L’ANCT s’appuiera également sur les ressources des membres de son comité national de coordination (Anru, Anah, Ademe, Cerema, CDC, voir encadré ci-dessus), définies dans le cadre des conventions pluriannuelles d’intervention et de participation financière signées avec chacun d’entre eux.

Effets induits

Un chapitre du décret est consacré aux dispositions modifiant d’autres textes, avec une règle générale : l’ANCT est désormais représentée dans les instances où le CGET, l’Epareca et/ou l’agence du numérique l’étaient auparavant, comme au Conseil supérieur de l’économie sociale et solidaire, l’observatoire des territoires, dans les instances en charge de la politique de la ville, à l’autorité nationale pour les programmes de coopération territoriale européenne, le conseil national de la montagne…

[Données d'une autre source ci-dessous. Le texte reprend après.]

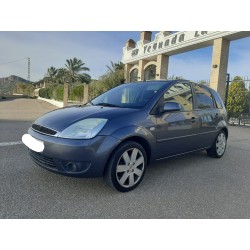 FORD FIESTA 1.6 TDCI  2005...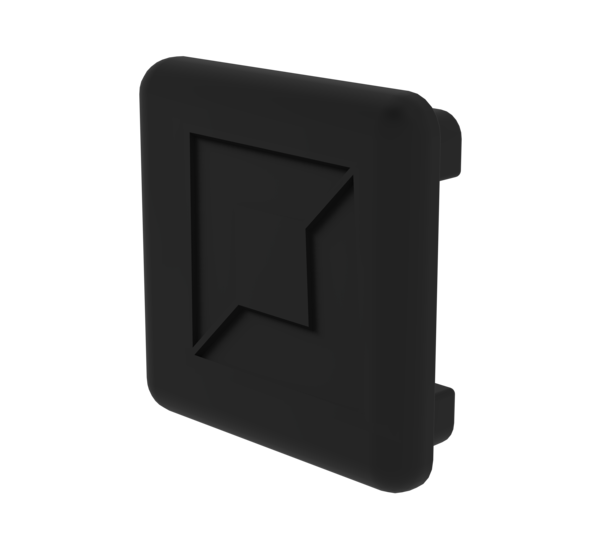 Cover cap, square | © MUNK GmbH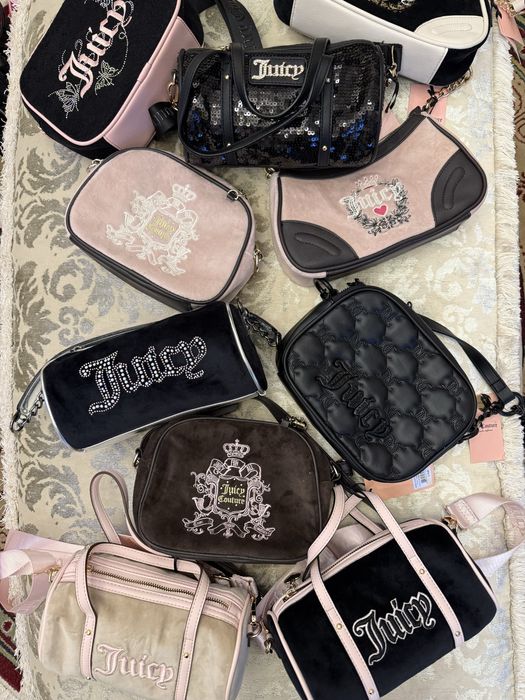 Сумки Juicy couture Original!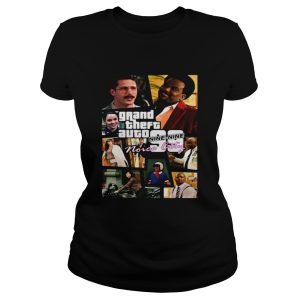 Grand theft auto nine nine 99 Noice City shirt 1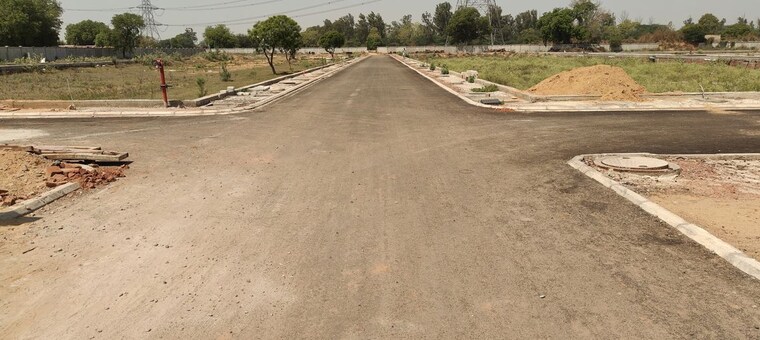 Exterior View, yashvi-golden-gate-residency  135 Sq.Yd. Plot In Farukh Nagar Sector 3 Gurgaon 10382415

Quatre articles (articles 6 à 9) sont dédiés aux (complexes) conditions de transfert des contrats de travail des salariés du CGET, de l’Epareca et de l’agence du numérique vers l’ANCT. Les articles 10 et 11 précisent le transfert au 1er janvier 2020 des "droits, biens et obligations" de l’Epareca, et notamment que "le détail du transfert des immobilisations de l’État fait l’objet d’un arrêté conjoint des ministres chargés de l’aménagement du territoire et du budget".

(1) 2 représentants du ministre chargé de l’aménagement du territoire ; 2 représentants du ministre chargé des collectivités territoriales ; 1 représentant du ministre chargé du budget ; 1 représentant du ministre chargé des communications électroniques ; 1 représentant du ministre chargé de la culture ; 1 représentant du ministre chargé du développement durable ; 1 représentant du ministre chargé de l’éducation nationale ; 1 représentant du ministre de l'intérieur ; 1 représentant du ministre chargé du logement ; 1 représentant du ministre chargé des outre-mer ; 1 représentant du ministre chargé de la politique de la ville ; 1 représentant du ministre chargé de la recherche ; 1 représentant du ministre chargé de la santé ; 1 représentant du ministre chargé des transports.

(2) 1 représentant de l’Association des maires de France ; 1 représentant de l’Assemblée des communautés de France ; 1 représentant de l’Assemblée des départements de France ; 1 représentant de l’Association Régions de France ; 1 représentant de l’Association Villes de France ; 1 représentant l’association des maires ruraux de France ; 1 représentant de l’association Villes et banlieues ; 1 représentant de l’association France Urbaine ; 1 représentant de l’association des petites villes de France ; 1 représentant de l’association nationale des élus de la montagne.